As is widely recognised, different jobs have different requirements at different times. Those new to a role, employer or even employment, might benefit from different arrangements. Managers may have different demands from those they manage. Add in for good measure geographically-dispersed teams, the complexities of hot desking arrangements and individual preferences and ways of working. It’s an area of management that is focused on the micro rather than macro.

For every anecdote on how this has transformed the work-life balance, there will be one where the lack of structure and contact is demotivating. There are countless good and bad examples of how this is operating. In sort, it is, as my daughter says, “trifficult”.
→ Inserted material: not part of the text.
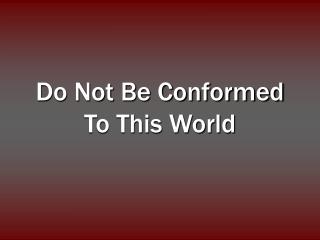  Try not to Be Conformed To This World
What isn’t trifficult though, is working out that a top-down politically-motivated diktat is not the solution. There is no evidence that 60% is the answer. We know because we’ve asked repeatedly. There is some evidence that hybrid is better than full remote working, but beyond that there is no magic number. And 60% has quite literally been plucked from thin air by ministers to suit their political agenda.

Civil servants know that the 60% has absolutely no bearing on the reality of their working practice. Whether they prefer a balance one way or the other, the 60% rule only demonstrates that whoever came up with it does not understand – and probably does not care – whether it is practical, manageable or preferable.

Ministers can talk wistfully about collaboration and watercooler moments. Those absolutely have their place in a workplace dynamic. Working out how and when to create those, to bring meaning to the benefits of the office, is exactly what management need to do. As has been said by wiser people than me, neither a bottom-up nor top-down approach to these issues works.

I do not pretend that the current state of play is ideal for everyone, far from it. But the 60% rule has nothing to do with this. It is simply a stick to beat the feckless wokerati with, and play to a voting base that similarly doesn’t understand the modern world of work or public services.

And like all of those attacks – which are clearly coming back into vogue as an election approaches – it simply further undermines the morale of half a million public servants, at a time when the country needs the opposite from its elected leaders.